** INSTRUCTIONS TO FOLLOW **
All lines at and after the one containing "AMD Ryzen 5", up to the end of the listing below, are to be printed exactly, with the pictures omitted.

** AVAILABLE RECORDS **

◆ ◆ ◆ ◆ ◆ ◆ ◆

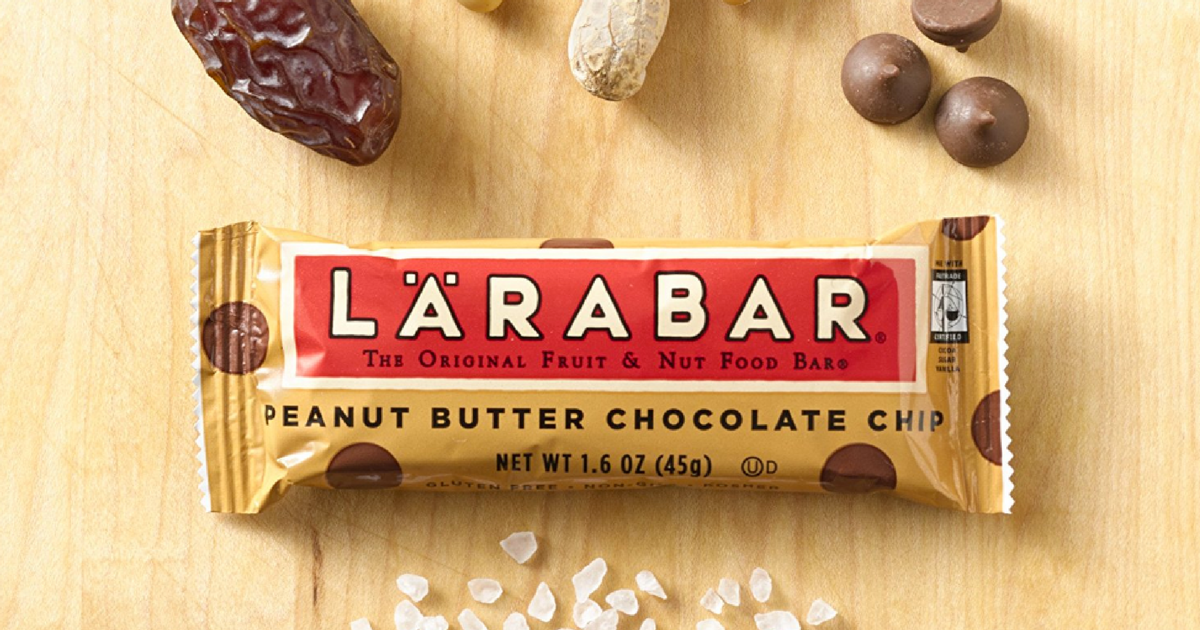 a peanut butter chocolate chip Larabar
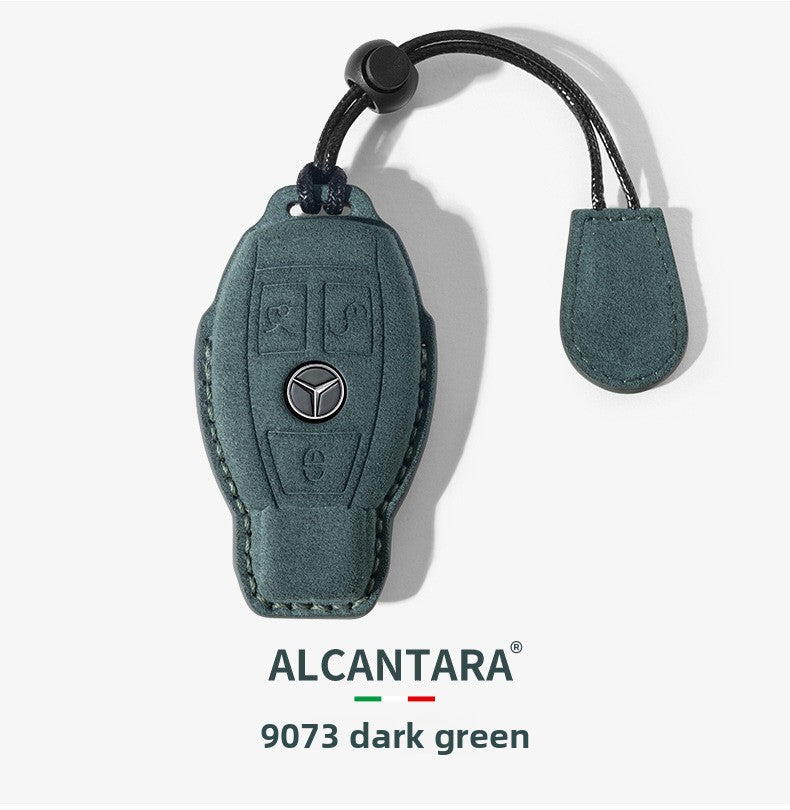 Mercedes-Benz Key Fob Case Suede Protective Cover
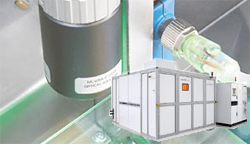 LPKF's Allegro &reg; is steps ahead of the pack. Innovations in substrate handling such as substituting a precision air cushion for mechanical rollers means tighter accuracy, higher quality, better yields, and much lower operating costs. Handling improvements are coupled with innovative laser etching mechanisms that have far fewer parts, much lower mass, and therefore greater speed, accuracy, and dependability.
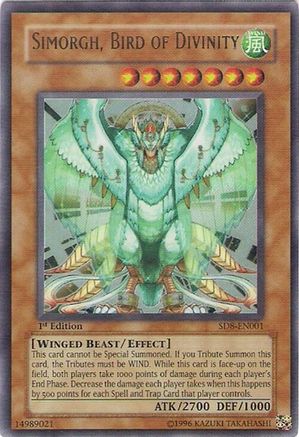 Image of Simorgh, Bird of Divinity (SD8-EN001) - Structure Deck: Lord of the Storm Unlimited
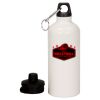 20 oz Aluminum Water Bottle with Carabiner Thumbnail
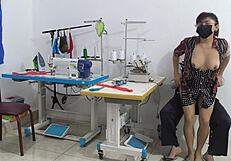 that intense seduction in the sewing workshop feels so hot and tempting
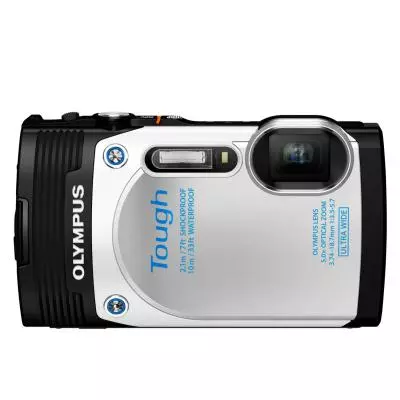 Цифровой фотоаппарат Olympus TG-850 White (Waterproof - 10m; iHS) (V104150WE000) - 1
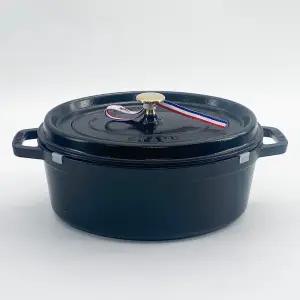 스타우브 B품 오벌 꼬꼬떼 리코팅 블랙 29cm 인덕션 무쇠 주물냄비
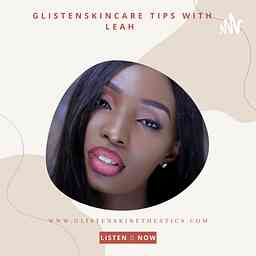 Glisten skin care journey and glow with Leah. logo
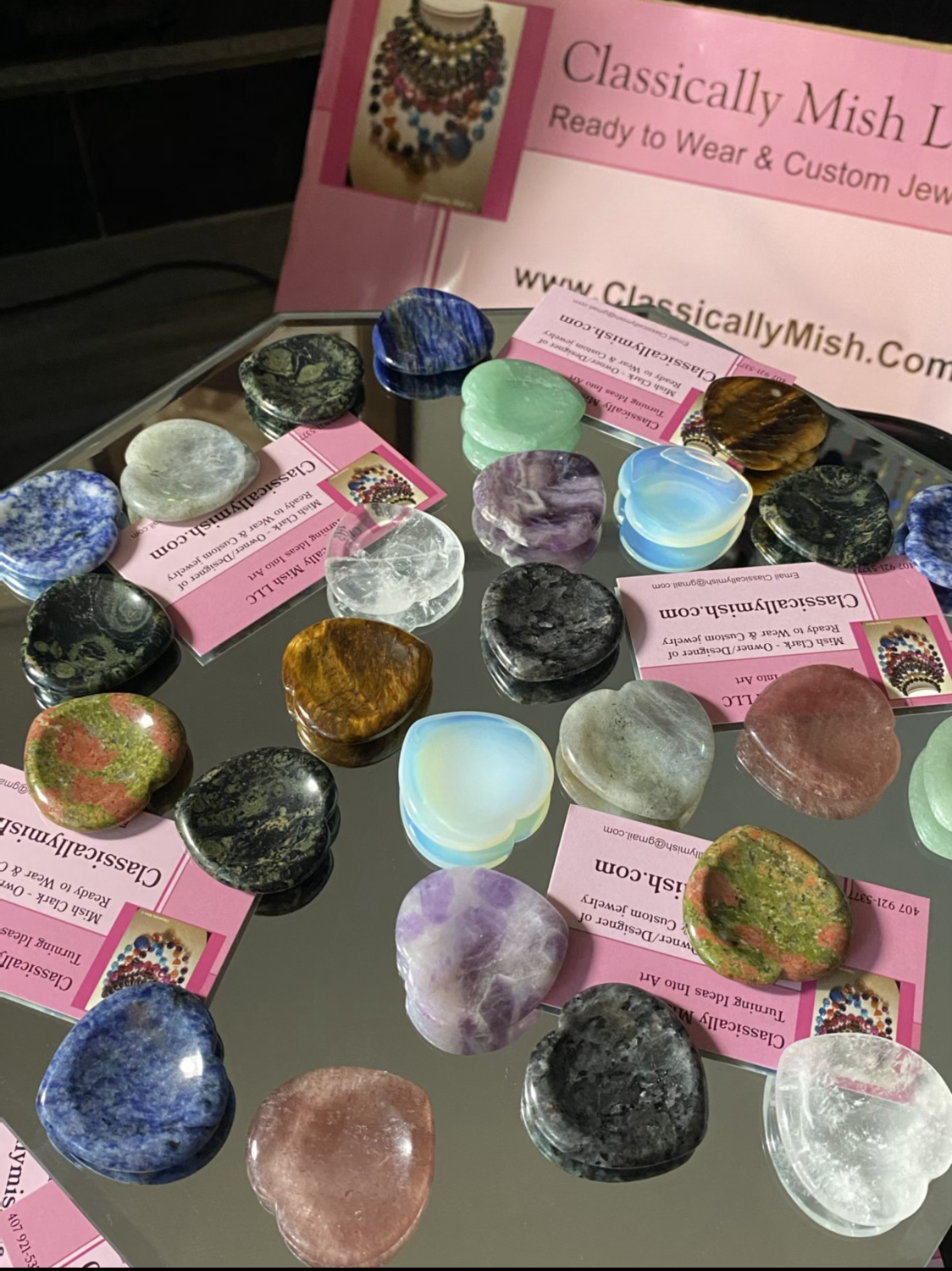 Heart Shaped Worry Stones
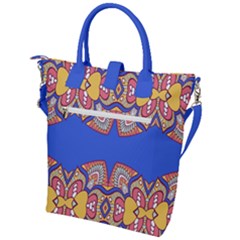 Buckle Top Tote Bag 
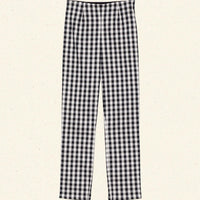 LULA CROP PANT -- NOIR MARJORIE GINGHAM
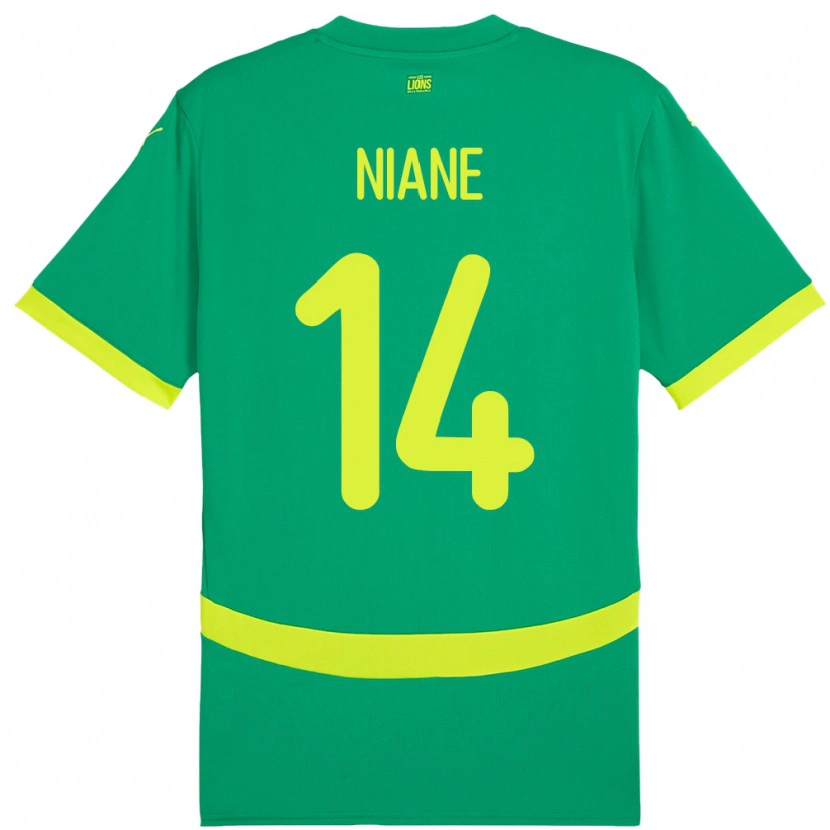 Danxen Herren Senegal Ibrahima Niane #14 Grün Auswärtstrikot Trikot 24-26 T-Shirt Schweiz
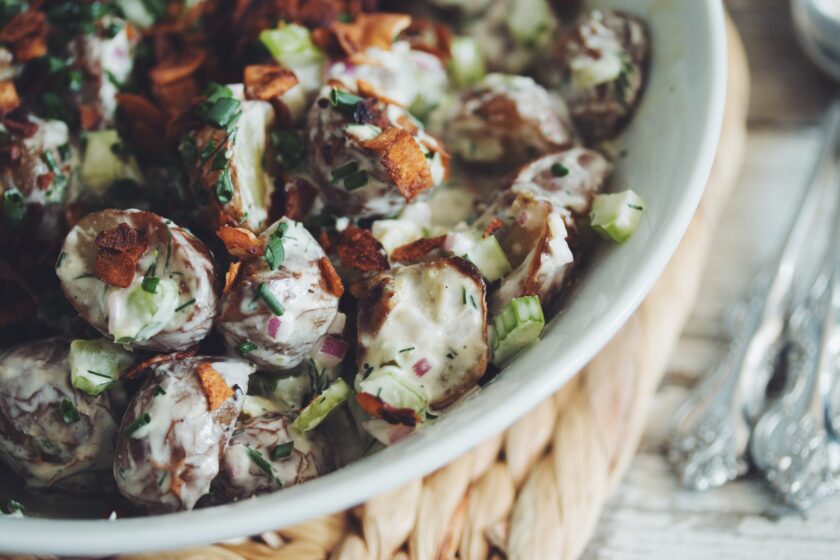 baked potato salad_hot for food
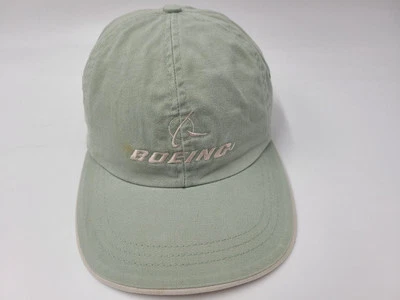 Boeing St Louis Distressed Strapback Adjustable Hat Cap Aviation Men Women Green - Image 1 of 4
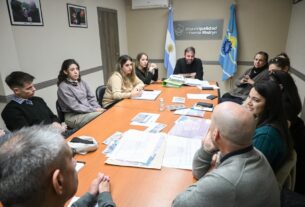 El Municipio Se Reunió Con Representantes Del Colegio De Arquitectos De Chubut Por El Desarrollo Urbano Sur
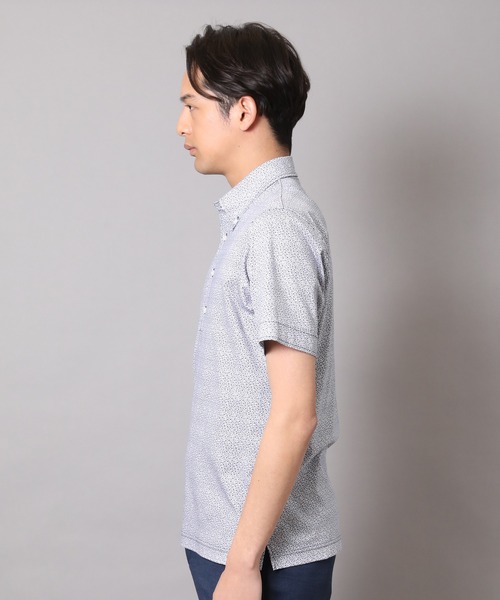 CROWDED CLOSET（クラウデッドクローゼット）の「フラワープリントジャージポロシャツ（ポロシャツ・メンズ・ホワイト系その他/ネイビー・02/04/03）」の6枚目の写真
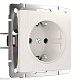 розетка с заземлением werkel перламутровый рифленый w1171013 4690389161001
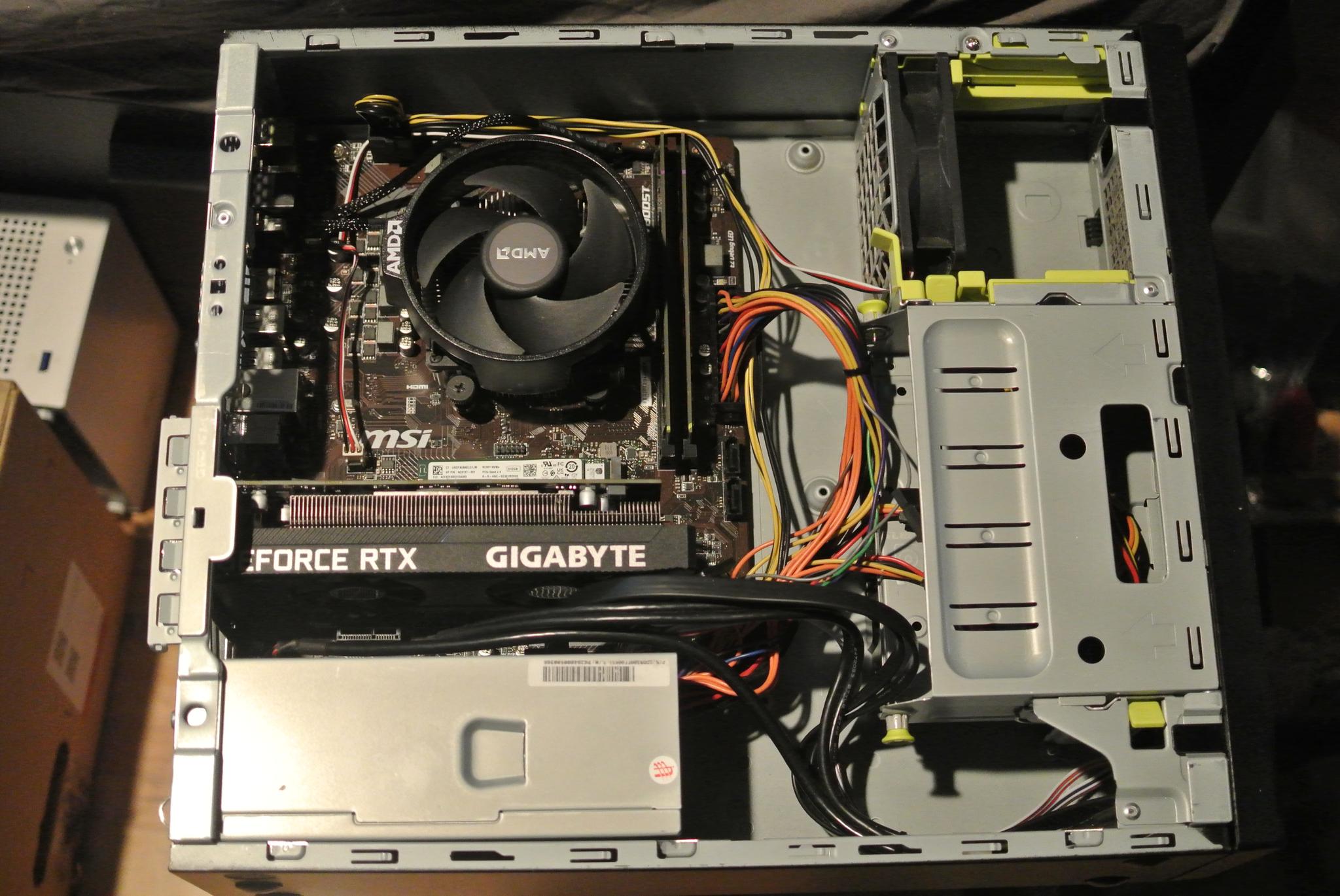 AMD Ryzen 5 1600 6-core + RTX 3050 6GB GPU | 16GB DDR4 3000MHz RAM + 512GB NVME Gaming PC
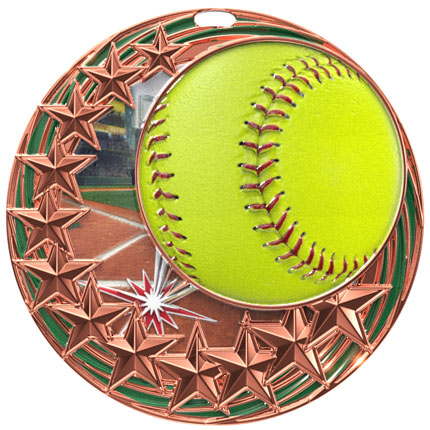 Star Blast Softball Medal - Image 4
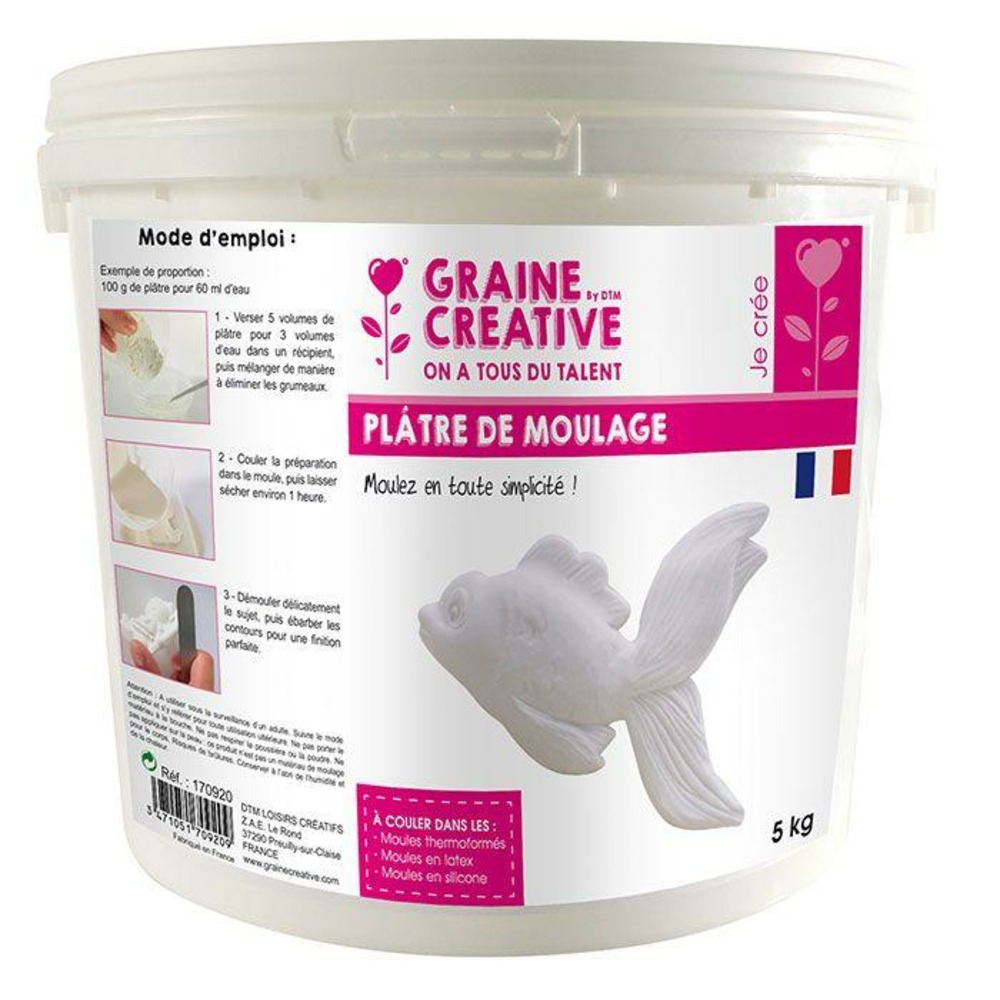 Plâtre de moulage 5 kg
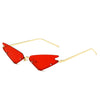 Luxury Fashion Fire Flame Sunglasses Women Rimless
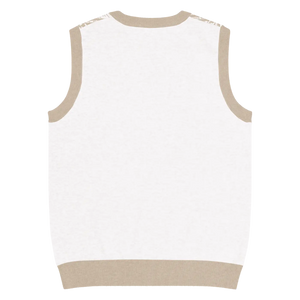 Retro Geometric Diamond Pattern Knit V-neck Vest - Dipaliz - Vests - 3xs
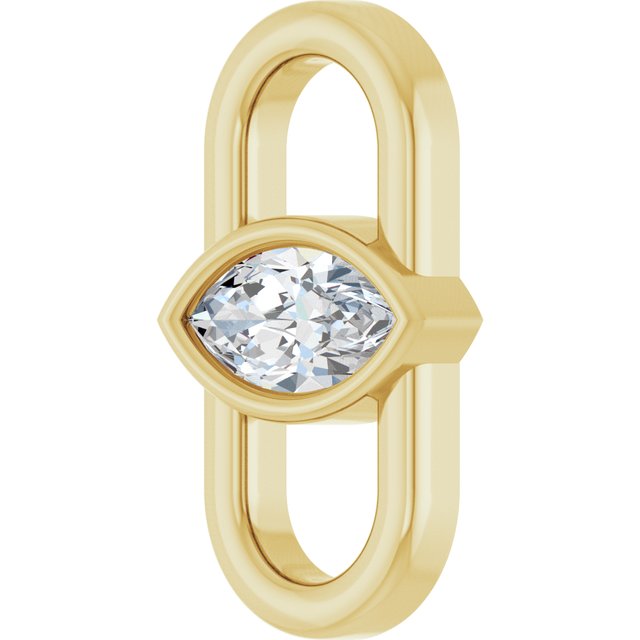 1/4 CT Natural Diamond Link, 7.6 mm x 13.2 mm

◆ ◆ ◆ ◆ ◆ ◆ ◆

** EXERCISE OUTPUT **
 AMD Ryzen 5 1600 6-core + RTX 3050 6GB GPU | 16GB DDR4 3000MHz RAM + 512GB NVME Gaming PC
 Star Blast Softball Medal - Image 4
 Plâtre de moulage 5 kg
 Luxury Fashion Fire Flame Sunglasses Women Rimless
 Retro Geometric Diamond Pattern Knit V-neck Vest - Dipaliz - Vests - 3xs
 1/4 CT Natural Diamond Link, 7.6 mm x 13.2 mm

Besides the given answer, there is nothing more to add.